■ **TASK REQUIREMENTS**
Give all the lines below again, exactly, with no pictures.

____ RECORDED DATA

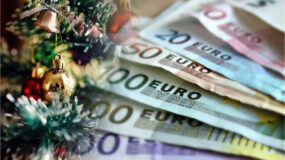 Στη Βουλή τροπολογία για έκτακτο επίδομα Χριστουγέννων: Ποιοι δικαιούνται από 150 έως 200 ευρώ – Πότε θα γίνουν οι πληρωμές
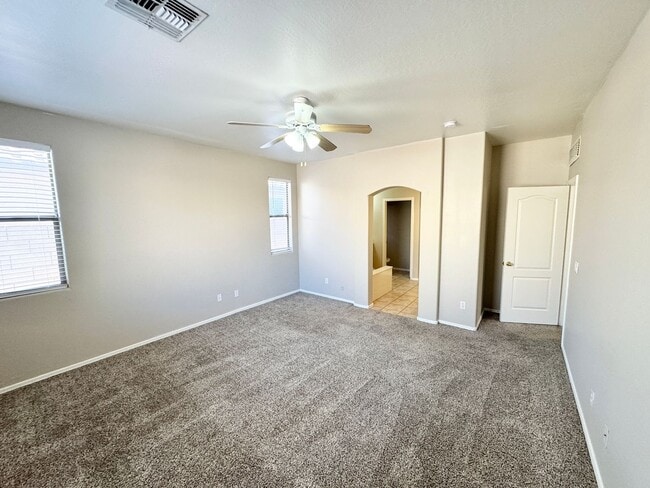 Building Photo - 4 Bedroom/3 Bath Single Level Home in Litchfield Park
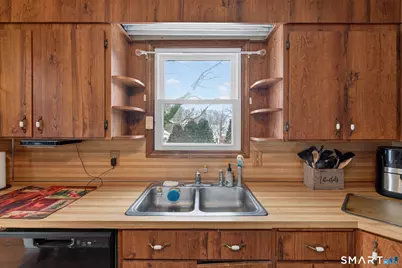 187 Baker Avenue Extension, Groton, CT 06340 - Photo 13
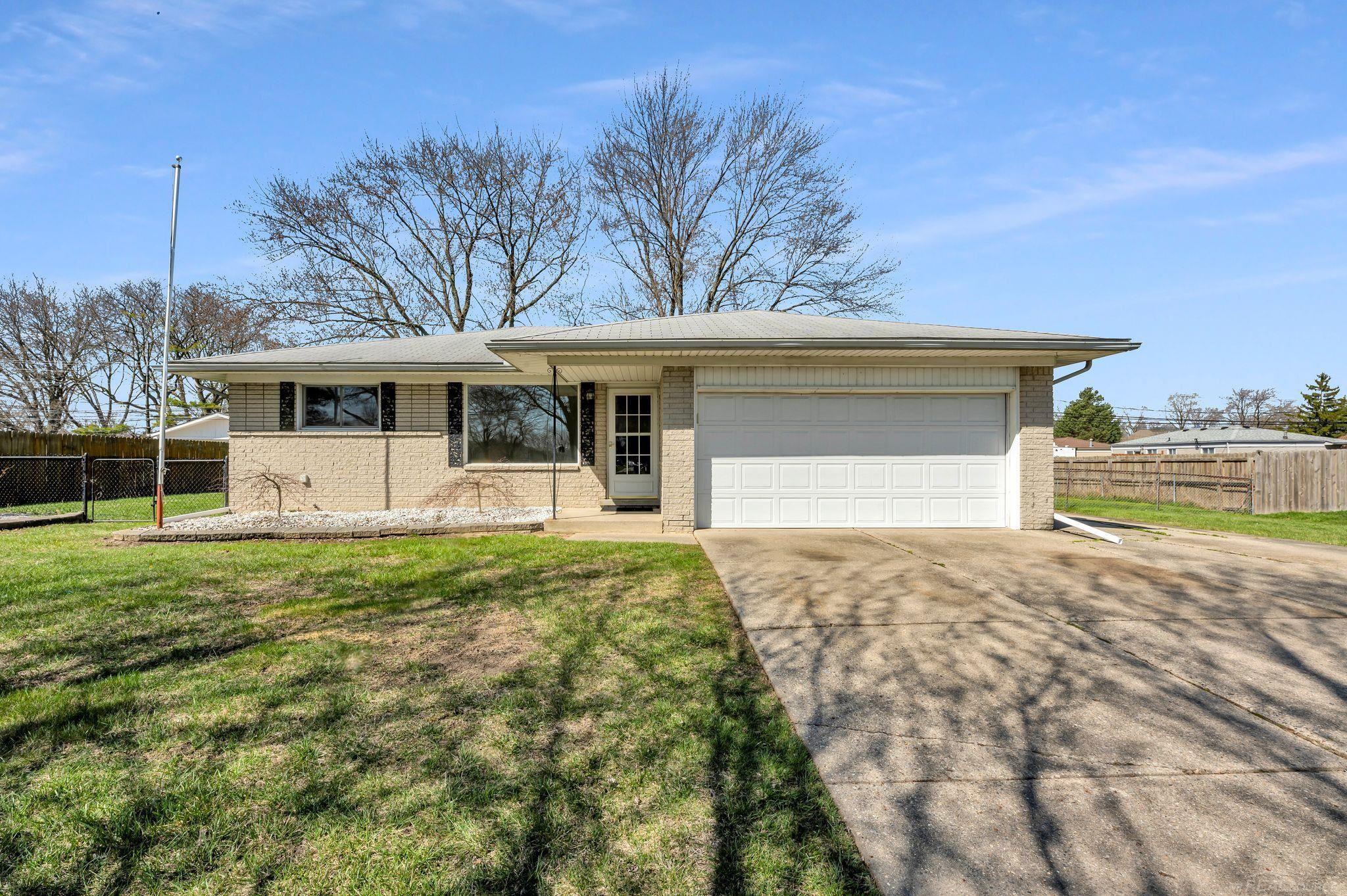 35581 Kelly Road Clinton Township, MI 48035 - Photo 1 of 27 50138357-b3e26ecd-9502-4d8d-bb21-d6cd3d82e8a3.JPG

________

■ **SOLUTION TO THIS EXERCISE**
 Στη Βουλή τροπολογία για έκτακτο επίδομα Χριστουγέννων: Ποιοι δικαιούνται από 150 έως 200 ευρώ – Πότε θα γίνουν οι πληρωμές
 Building Photo - 4 Bedroom/3 Bath Single Level Home in Litchfield Park
 187 Baker Avenue Extension, Groton, CT 06340 - Photo 13
 35581 Kelly Road Clinton Township, MI 48035 - Photo 1 of 27 50138357-b3e26ecd-9502-4d8d-bb21-d6cd3d82e8a3.JPG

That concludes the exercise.